Allá por los años ’80, una profesora de literatura prohibía a sus alumnos del colegio secundario que resolvieran sus composiciones apelando, en el último párrafo, al recurso de que todo lo narrado anteriormente había sido un sueño. Porque, además de un lugar común, se trata de una triquiñuela facilista, una suerte de ruptura unilateral del contrato de lectura. Pero todavía se la sigue utilizando.
De todos modos, el desenlace es sólo un eslabón más de la cadena de desaciertos que es Crímenes imposibles. Los clichés más esquemáticos del policial se suman a algunos de los elementos más remanidos del terror para dar como resultado esta película que en ningún momento asusta, intriga ni es creíble. Actuaciones flojas, un guion -de Nora Leticia Sarti- elaborado siguiendo fórmulas vistas una y otra vez, una producción que no logra disimular la escasez de presupuesto: cuesta encontrar algún punto que se salve del naufragio.
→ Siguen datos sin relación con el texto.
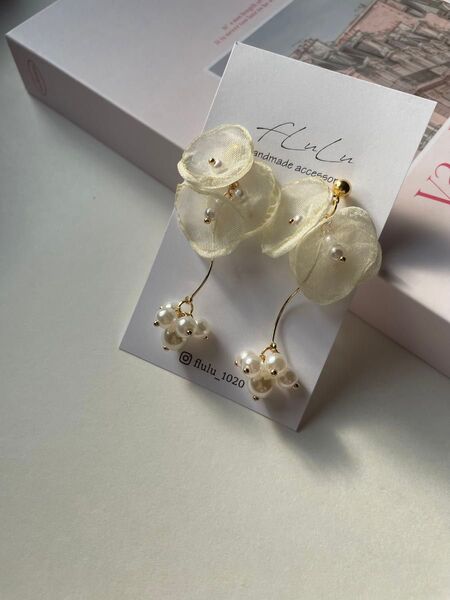 シフォンフラワーピアス イヤリング ハンドメイドピアス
Federico Bal es un escritor que sufre la muerte de su hermana y, años después, protagoniza un accidente de tránsito en el que mueren su mujer y su hijo. Tras un nuevo salto temporal lo vemos convertido en un duro detective de novela negra, solitario y amargo, que investiga una serie de asesinatos extraños. No hay pistas, hasta que una monja se presenta en la comisaría diciendo que cree haber cometido los crímenes, y proporciona datos que sólo alguien que hubiera estado presente podría tener.
Todo se torna aún peor cuando una pátina religiosa y de presunta trascendencia espiritual tiñe esta historia en la que, ay, “nada es lo que parece”. Más que asombro, el giro final provoca la desagradable sensación de haber visto una película imposible.